(Short web captions)
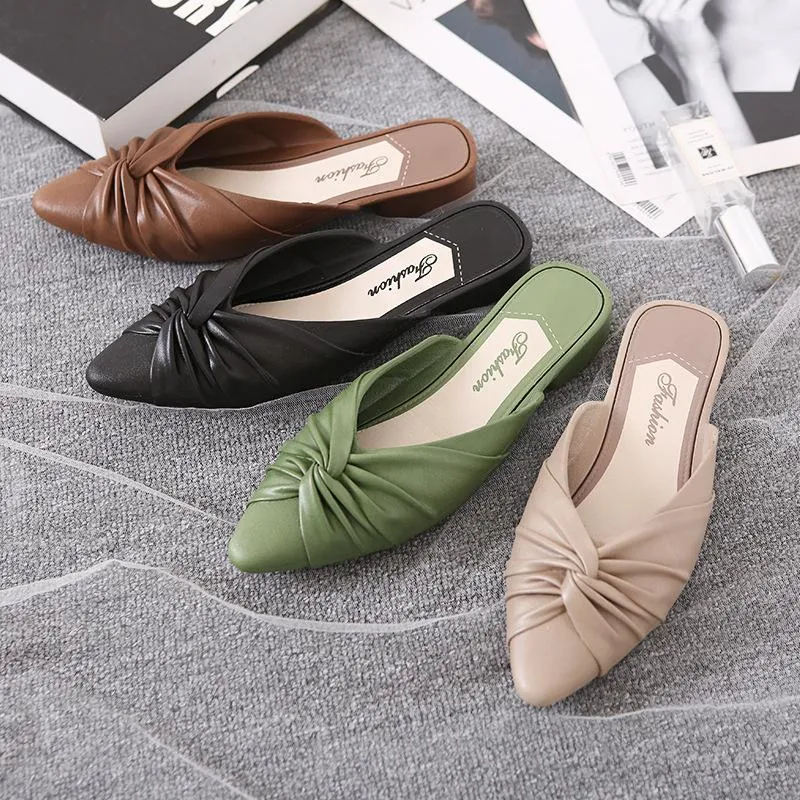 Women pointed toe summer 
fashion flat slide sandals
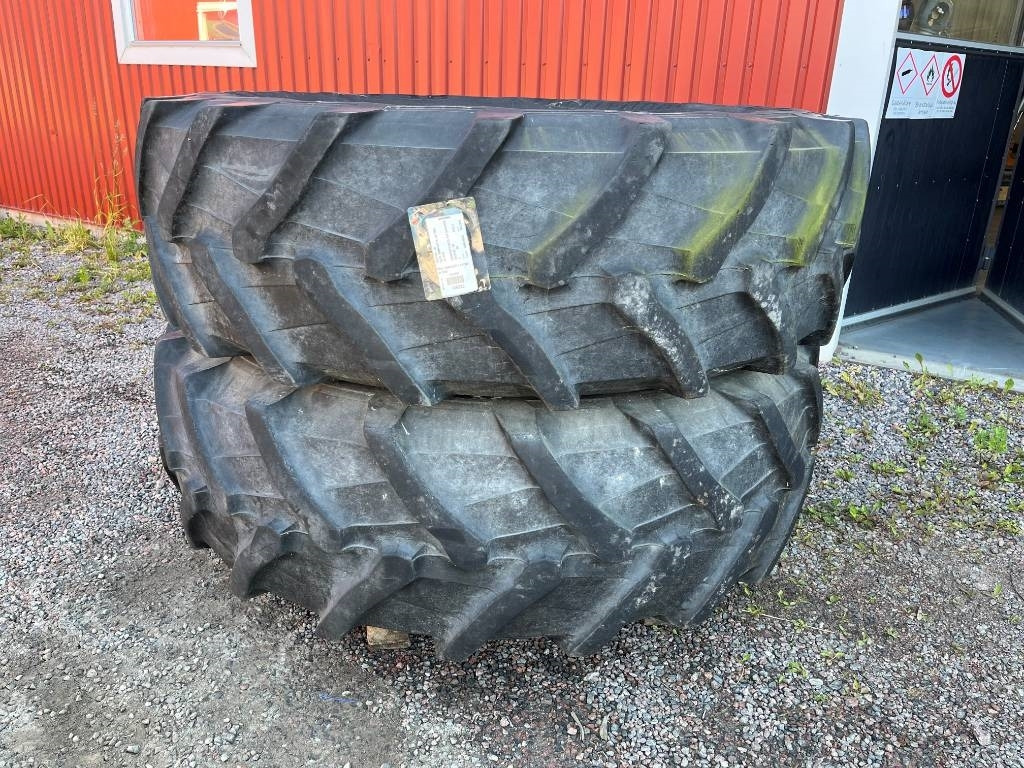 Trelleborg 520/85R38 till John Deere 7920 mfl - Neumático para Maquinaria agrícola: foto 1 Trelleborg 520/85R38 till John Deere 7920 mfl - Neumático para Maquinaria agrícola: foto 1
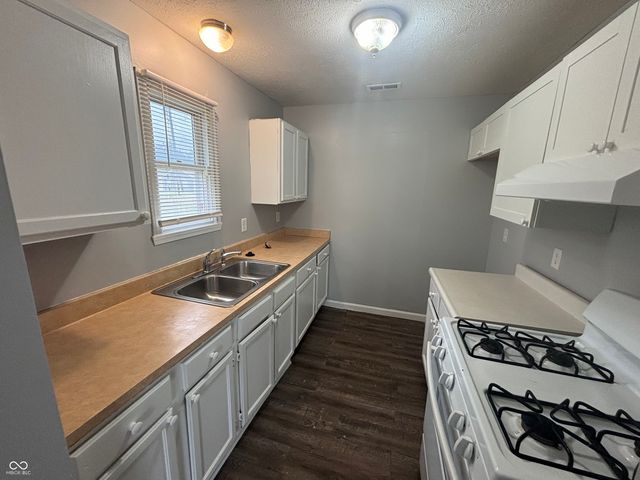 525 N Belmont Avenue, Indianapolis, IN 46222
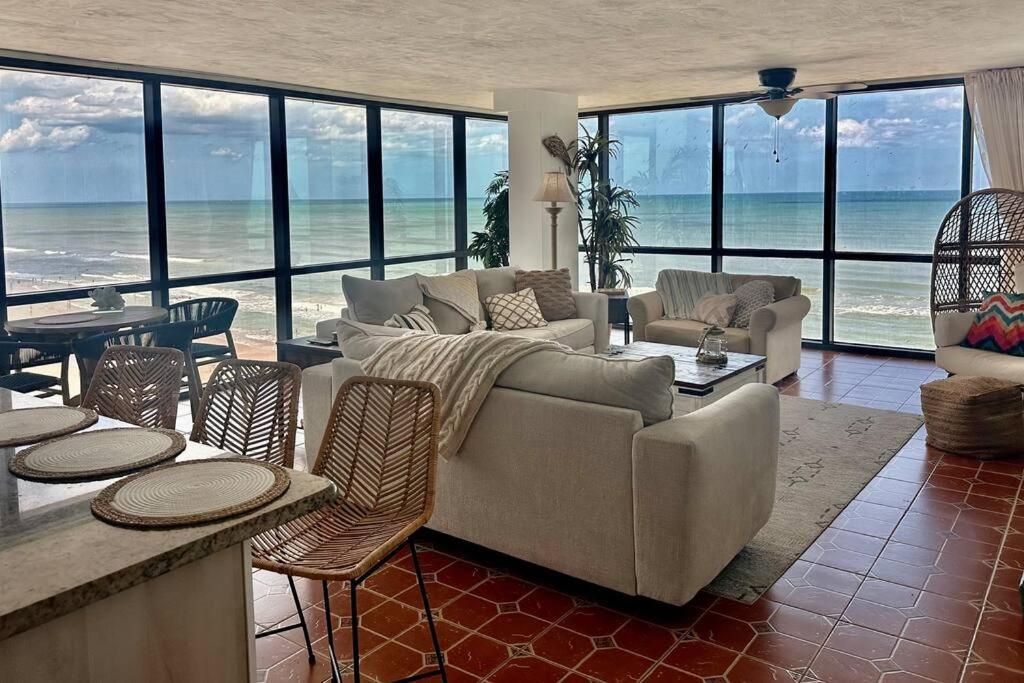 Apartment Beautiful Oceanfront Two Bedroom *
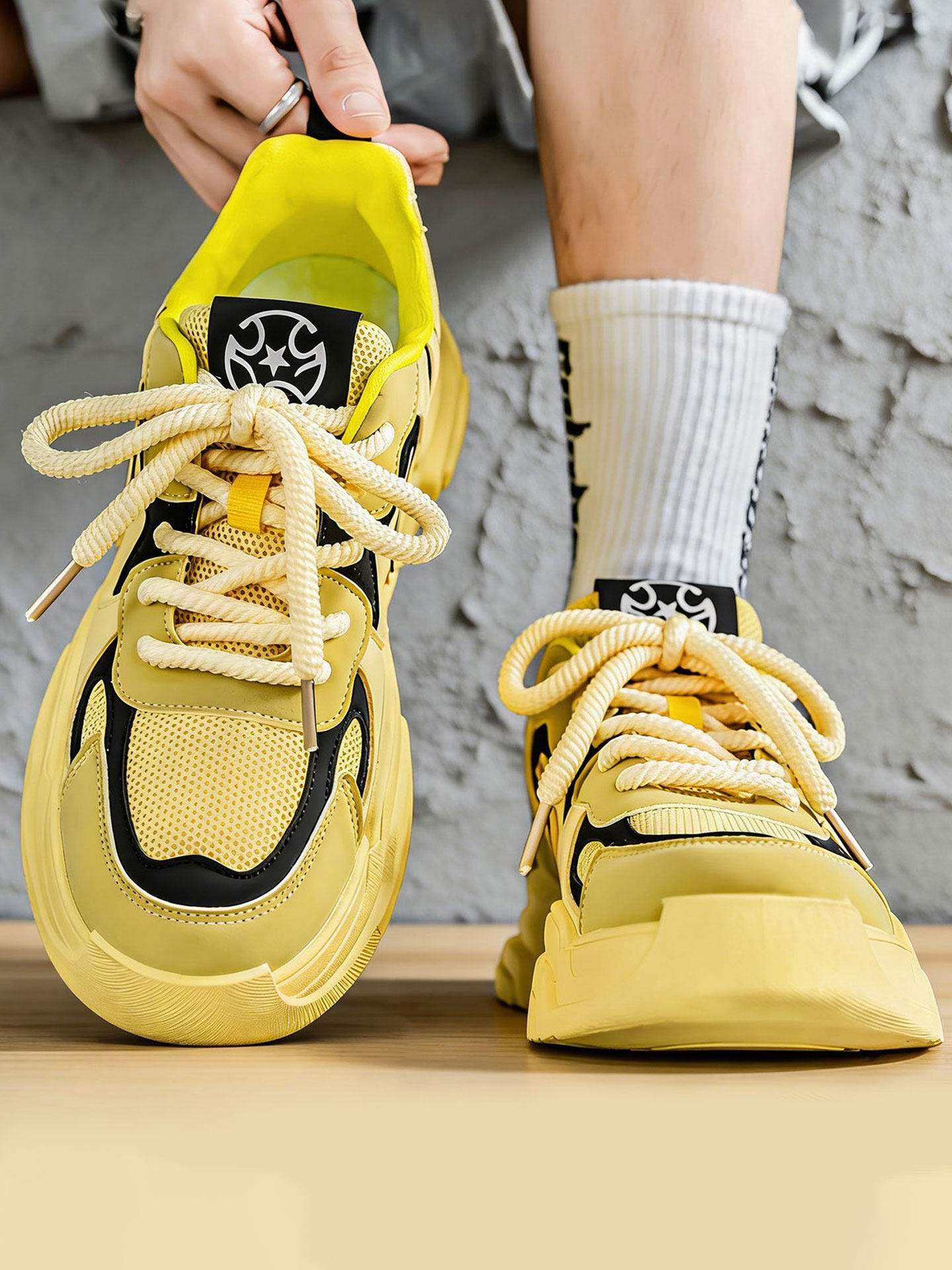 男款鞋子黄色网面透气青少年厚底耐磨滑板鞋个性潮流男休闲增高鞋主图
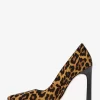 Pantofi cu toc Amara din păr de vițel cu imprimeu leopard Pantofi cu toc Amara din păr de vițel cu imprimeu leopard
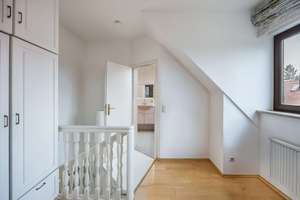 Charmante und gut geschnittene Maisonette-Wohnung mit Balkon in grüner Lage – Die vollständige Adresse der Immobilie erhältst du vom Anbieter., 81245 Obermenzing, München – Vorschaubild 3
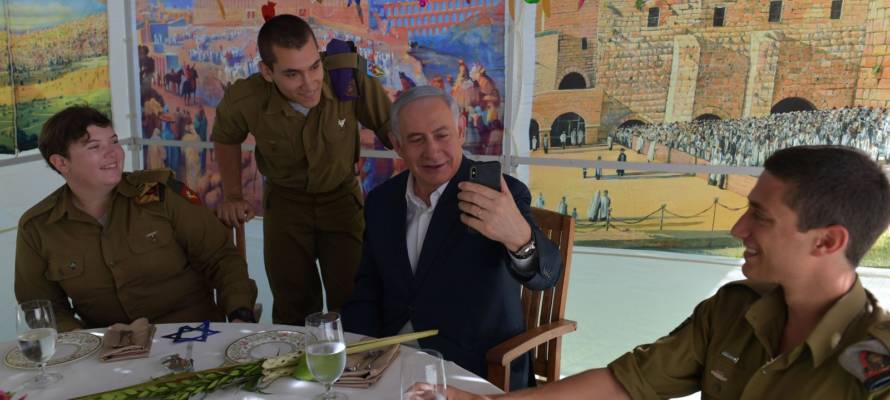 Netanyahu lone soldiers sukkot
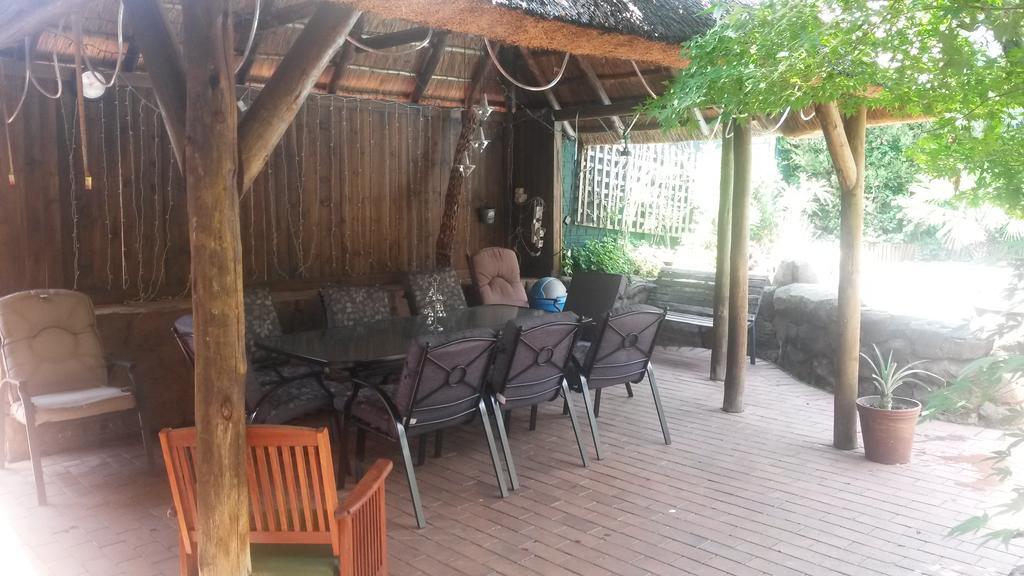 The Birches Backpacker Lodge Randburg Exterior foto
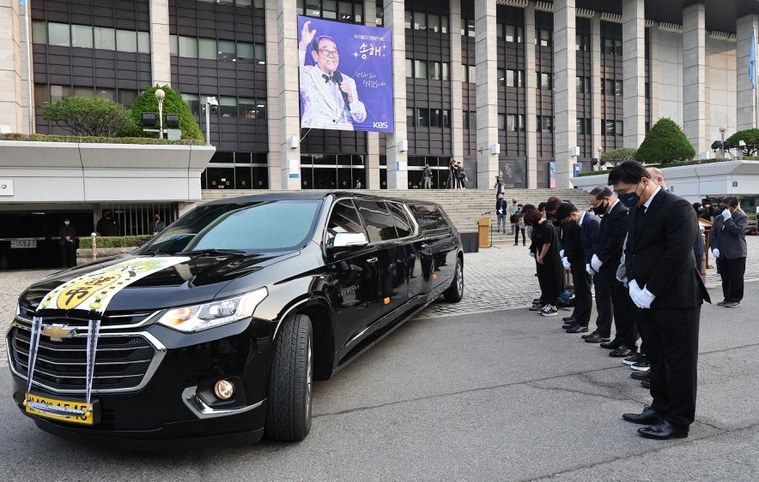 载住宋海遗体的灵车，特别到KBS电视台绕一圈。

■ GOAL OF THE EXERCISE: Write out exactly the lines that run from the one containing "imprimeu leopard Pantofi" to the last line of the entries above, both ends kept, pictures left out.

■ ANSWER SECTION:
 Pantofi cu toc Amara din păr de vițel cu imprimeu leopard Pantofi cu toc Amara din păr de vițel cu imprimeu leopard
 Charmante und gut geschnittene Maisonette-Wohnung mit Balkon in grüner Lage – Die vollständige Adresse der Immobilie erhältst du vom Anbieter., 81245 Obermenzing, München – Vorschaubild 3
 Netanyahu lone soldiers sukkot
 The Birches Backpacker Lodge Randburg Exterior foto
 载住宋海遗体的灵车，特别到KBS电视台绕一圈。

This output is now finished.